General Secretary of the PRI
- Incumbent
- Assumed office 20 August 2015
- Preceded by: Ivonne Ortega Pacheco

Deputy to the Congress of the Union (State of Mexico's 27th district)
- Incumbent
- Assumed office 1 December 2015
- Preceded by: Arturo Montiel

Municipal president of Metepec
- In office 2012 – 6 January 2015
- Preceded by: Ana Lilia Herrera Anzaldo
- Succeeded by: Rafael Gómez Escalera

Personal details
- Born: 21 August 1962 (age 63) Atlacomulco, State of Mexico, Mexico
- Party: Institutional Revolutionary
- Spouse: Ernesto Nemer Álvarez
- Alma mater: Universidad del Valle de Toluca
- Occupation: Lawyer

= Carolina Monroy del Mazo =

Mexican politician

Carolina Monroy del Mazo (born 21 August 1962) is a Mexican politician and member of the Institutional Revolutionary Party (PRI). She has served as the general secretary of the PRI and as a federal deputy during the 63rd session of Congress, representing the 27th federal electoral district of the State of Mexico.

==Early life and education==
Monroy obtained her law degree in 1983 from the Universidad del Valle de Toluca and briefly taught there between 1984 and 1985.

==Career==
Monroy worked for a wide variety of institutions in the state government, including the Secretariat of Labor and Social Welfare (1982–84), General Secretariat of Government (1984–86), General Directorate of Prevention and Social Readaptation (1988–93), DIF (1993–2000), State Population Council (2000–01), State of Mexico Cultural Institute (2001–05), Social Security Institute of the State of Mexico (2005) and Sistema de Radio y Televisión Mexiquense (2006–09). In 2009, she was named to the state cabinet as the Secretary of Economic Development, a post she held until 2011.

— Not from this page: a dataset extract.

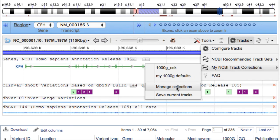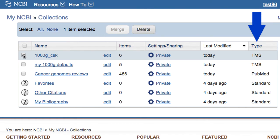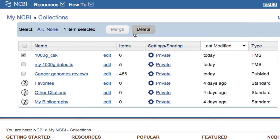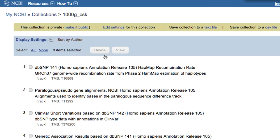To edit the content of a collection, click the Manage Collections menu option, which takes you into the My NCBI interface. Here, track collections are type TMS for Track Management System. You can delete an entire collection by selecting it and clicking Delete. To modify the content of a collection, click the Edit link. You can then select individual tracks to delete from the collection, or perform other editing operations.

In 2013, voters elected Monroy for the first time, as the municipal president of Metepec. She left the post in 2015 in order to run for the Chamber of Deputies from the 27th district, centered on the city. She serves only on the Gender Equality Commission, having left her post on the Tourism Commission in December 2015.

The late 2000s also saw her PRI party career develop. She served as a state-level political councilor between 2006 and 2009 and as a national councilor between 2014 and 2015. In 2015, she was elected as the PRI's general secretary and was to serve until 2018; after the resignation of Manlio Fabio Beltrones in June 2016, Monroy was tapped to be the party's interim president, a capacity in which she served until Enrique Ochoa Reza became the party's president.

==Personal==
Monroy is a niece of Alfredo del Mazo González, former Governor of the State of Mexico and Secretary of Energy, and cousin of President Enrique Peña Nieto, who also governed the state; she is married to Ernesto Nemer Álvarez, General Secretary of Government of the State of Mexico and subsecretary of the Secretariat of Social Development.